▶ _Task details_:
Output must consist only of the lines of the material below from the one with "Oct 31, 2024;" through the one with "a park with", each reproduced exactly; no pictures belong in it.

▶ _Exercise materials_:
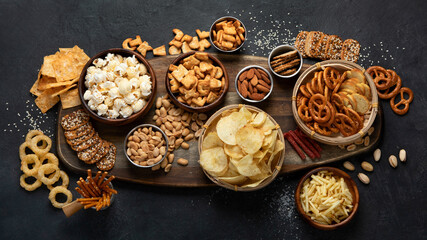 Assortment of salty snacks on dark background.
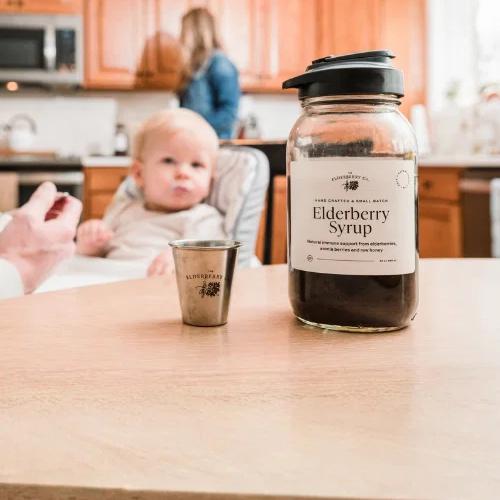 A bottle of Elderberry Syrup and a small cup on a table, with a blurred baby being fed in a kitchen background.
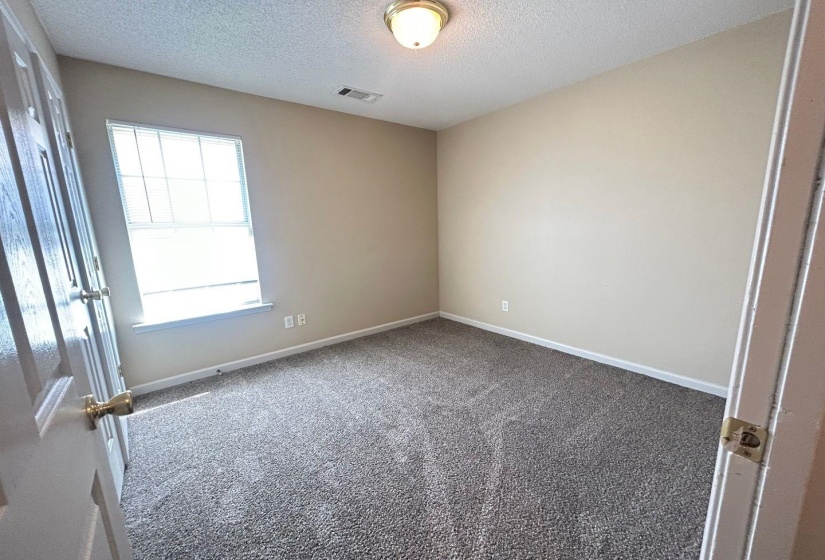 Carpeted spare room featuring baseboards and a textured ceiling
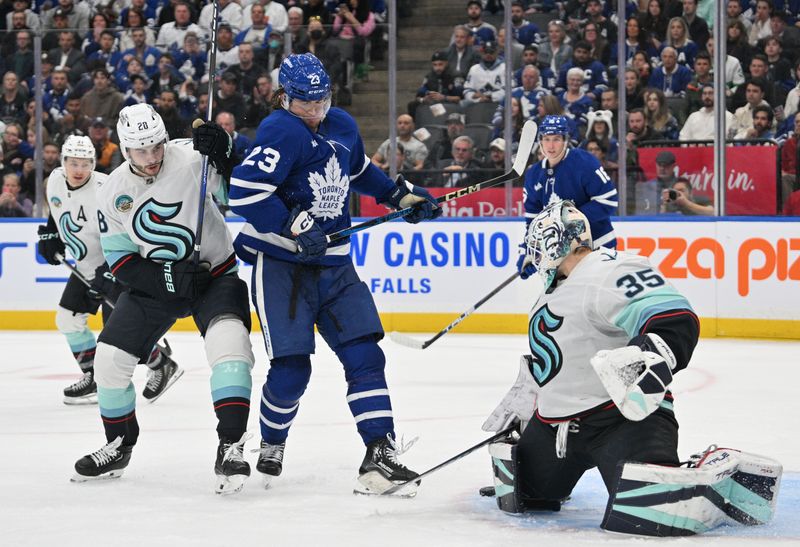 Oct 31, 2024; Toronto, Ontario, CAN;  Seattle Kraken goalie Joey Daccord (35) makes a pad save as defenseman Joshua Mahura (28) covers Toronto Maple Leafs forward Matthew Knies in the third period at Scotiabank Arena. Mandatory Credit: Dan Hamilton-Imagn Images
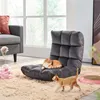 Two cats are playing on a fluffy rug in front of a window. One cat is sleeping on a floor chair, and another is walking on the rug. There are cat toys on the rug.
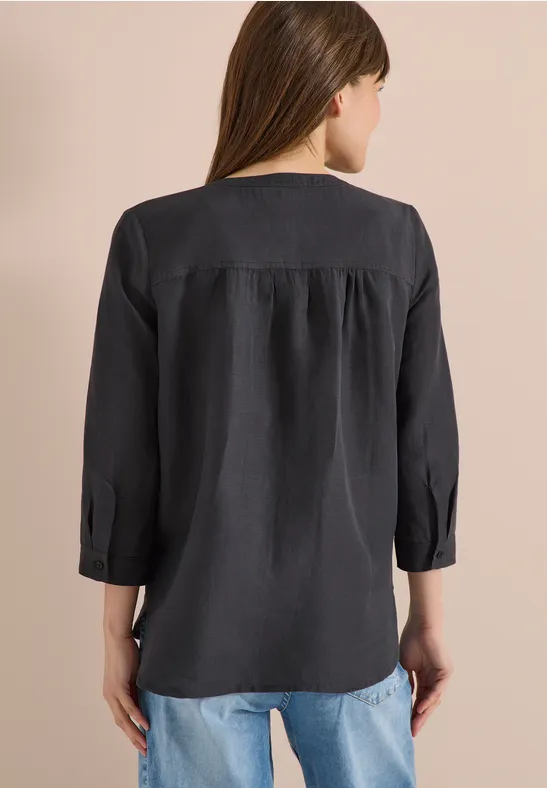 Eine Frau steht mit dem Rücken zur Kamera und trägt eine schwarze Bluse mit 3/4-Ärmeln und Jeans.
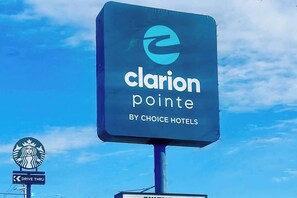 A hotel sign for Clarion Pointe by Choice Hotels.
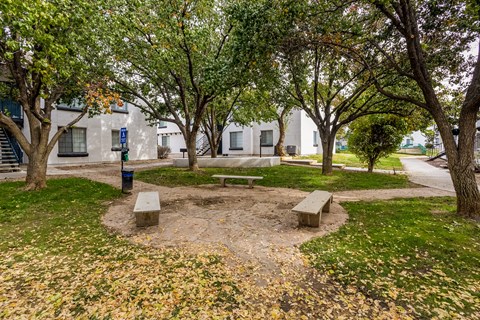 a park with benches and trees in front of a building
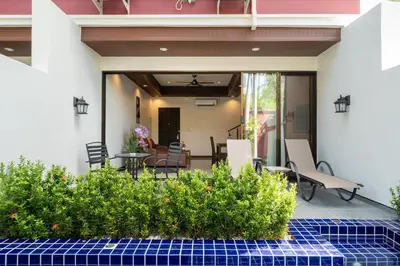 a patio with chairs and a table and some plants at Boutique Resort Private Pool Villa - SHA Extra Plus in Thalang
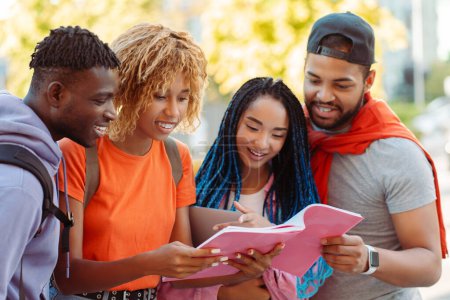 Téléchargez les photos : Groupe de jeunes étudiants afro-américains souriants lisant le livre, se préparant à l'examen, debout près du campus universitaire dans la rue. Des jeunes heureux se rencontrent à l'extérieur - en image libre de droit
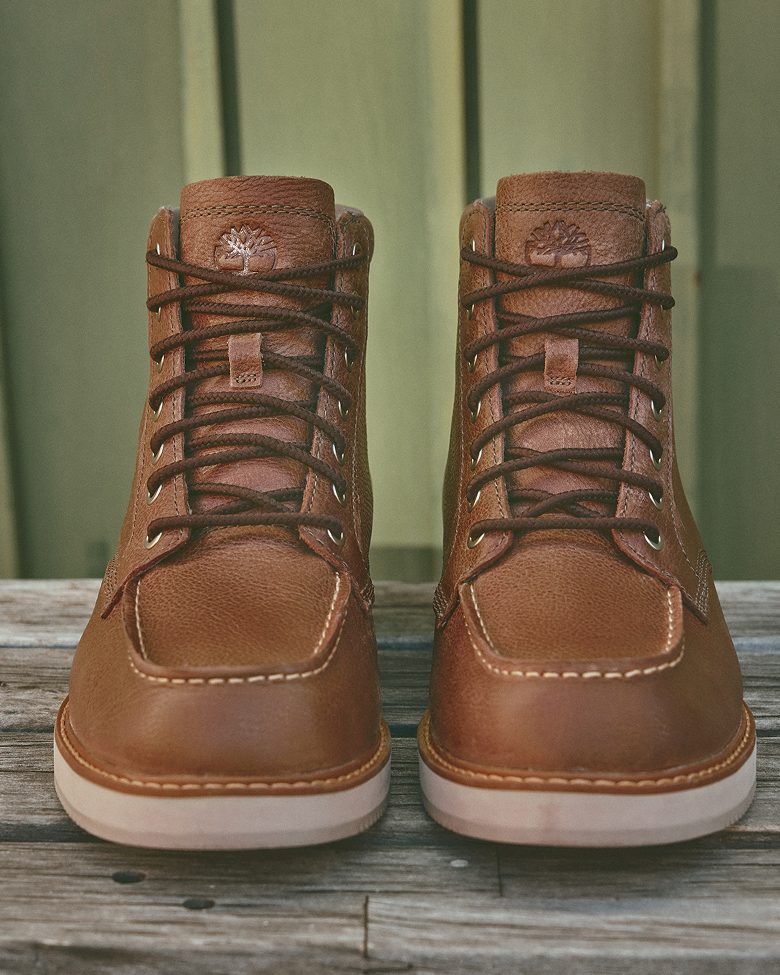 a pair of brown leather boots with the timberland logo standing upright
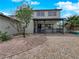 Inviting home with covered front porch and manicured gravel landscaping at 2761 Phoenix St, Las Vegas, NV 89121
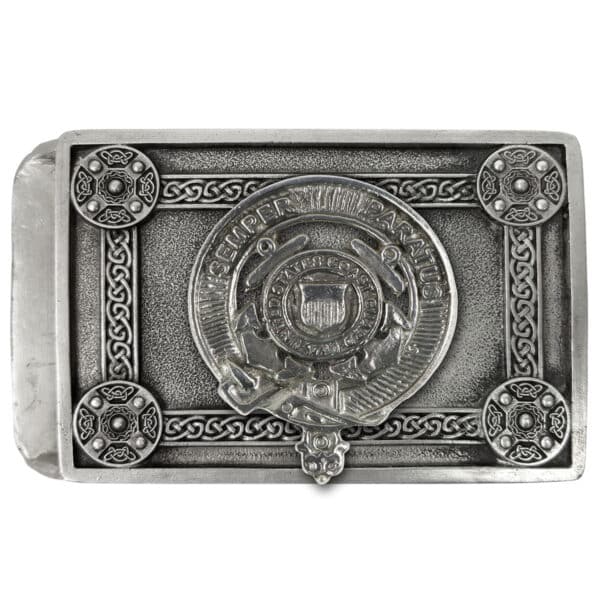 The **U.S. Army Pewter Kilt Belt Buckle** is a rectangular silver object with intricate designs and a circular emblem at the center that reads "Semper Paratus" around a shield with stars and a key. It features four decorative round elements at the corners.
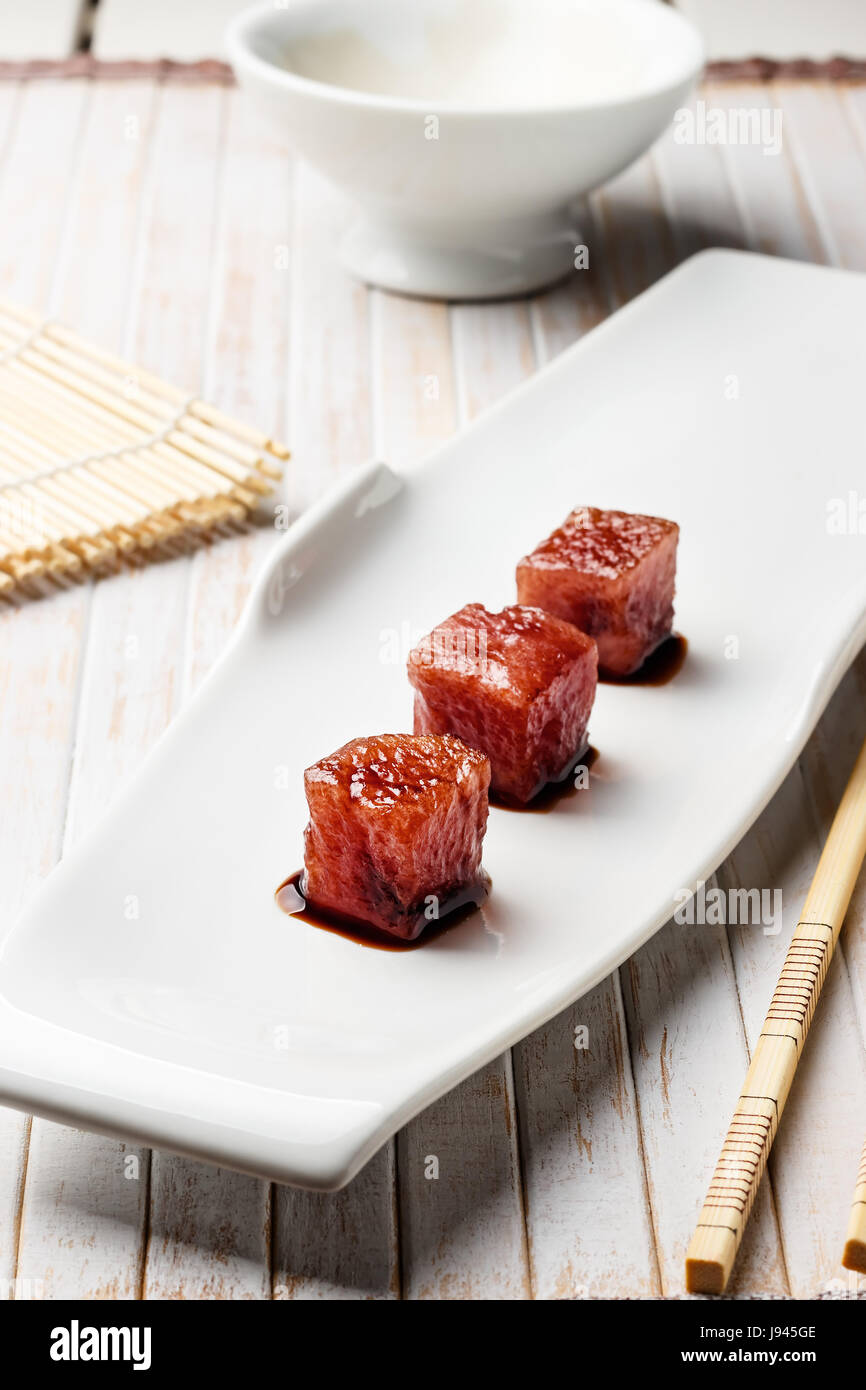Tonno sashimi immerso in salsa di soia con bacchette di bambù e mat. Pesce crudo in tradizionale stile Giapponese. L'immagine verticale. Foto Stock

* * *

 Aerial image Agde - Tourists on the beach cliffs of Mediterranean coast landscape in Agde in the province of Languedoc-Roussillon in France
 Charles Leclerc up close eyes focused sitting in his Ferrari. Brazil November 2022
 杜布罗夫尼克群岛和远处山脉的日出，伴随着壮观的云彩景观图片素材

...

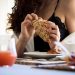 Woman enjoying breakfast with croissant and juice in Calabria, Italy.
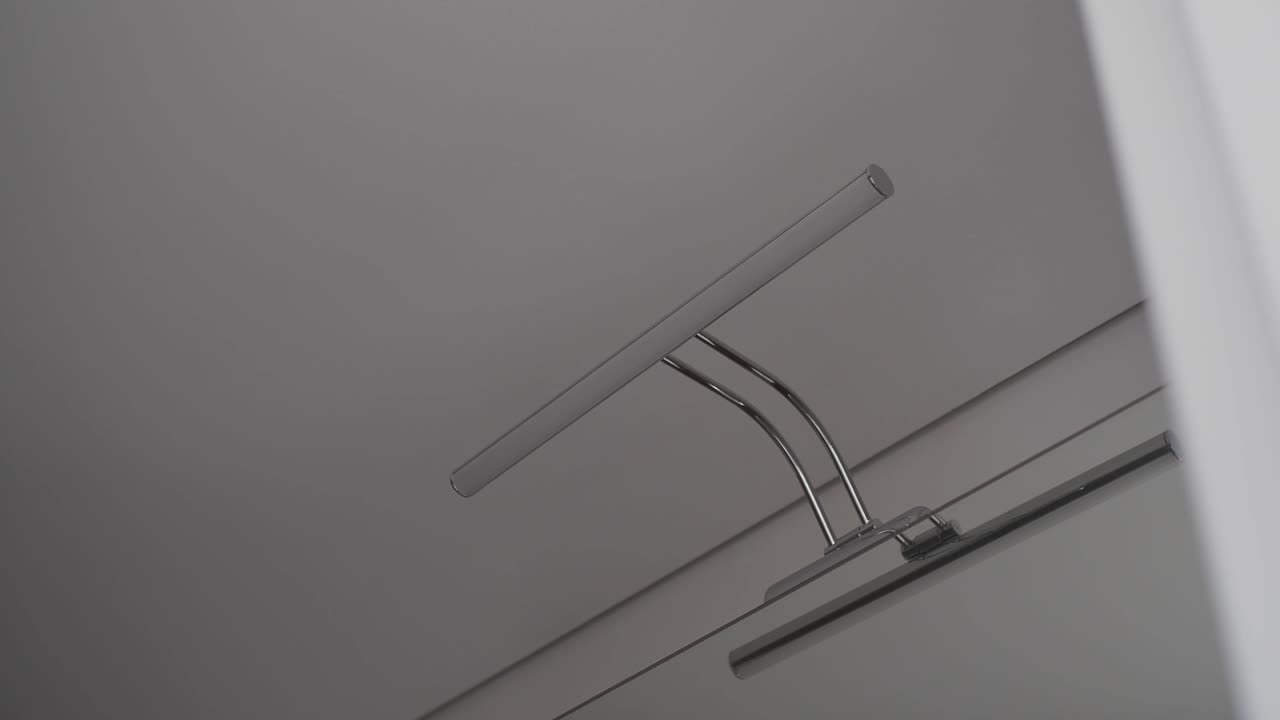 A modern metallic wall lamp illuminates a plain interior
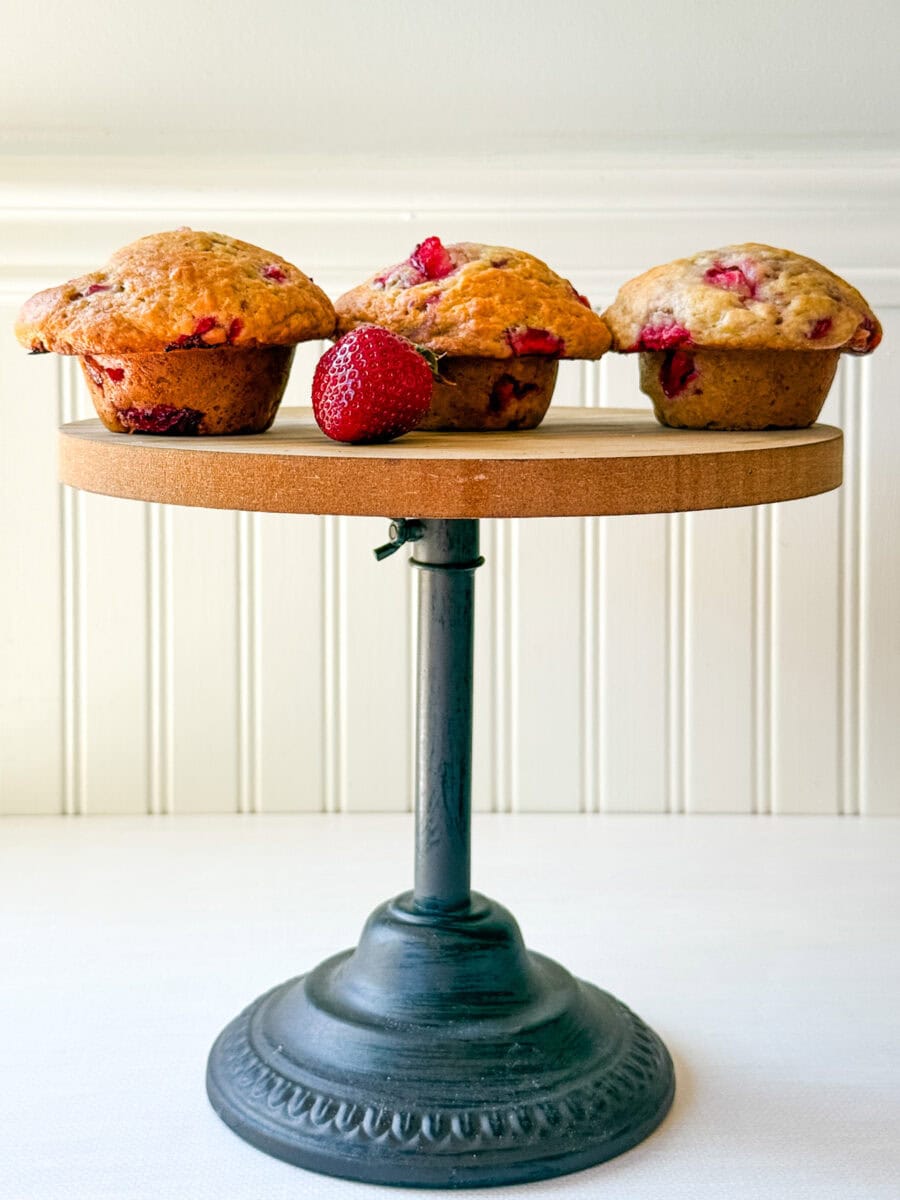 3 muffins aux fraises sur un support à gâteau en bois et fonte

▶ _Task response_:
 Oct 31, 2024; Toronto, Ontario, CAN;  Seattle Kraken goalie Joey Daccord (35) makes a pad save as defenseman Joshua Mahura (28) covers Toronto Maple Leafs forward Matthew Knies in the third period at Scotiabank Arena. Mandatory Credit: Dan Hamilton-Imagn Images
 Two cats are playing on a fluffy rug in front of a window. One cat is sleeping on a floor chair, and another is walking on the rug. There are cat toys on the rug.
 Eine Frau steht mit dem Rücken zur Kamera und trägt eine schwarze Bluse mit 3/4-Ärmeln und Jeans.
 A hotel sign for Clarion Pointe by Choice Hotels.
 a park with benches and trees in front of a building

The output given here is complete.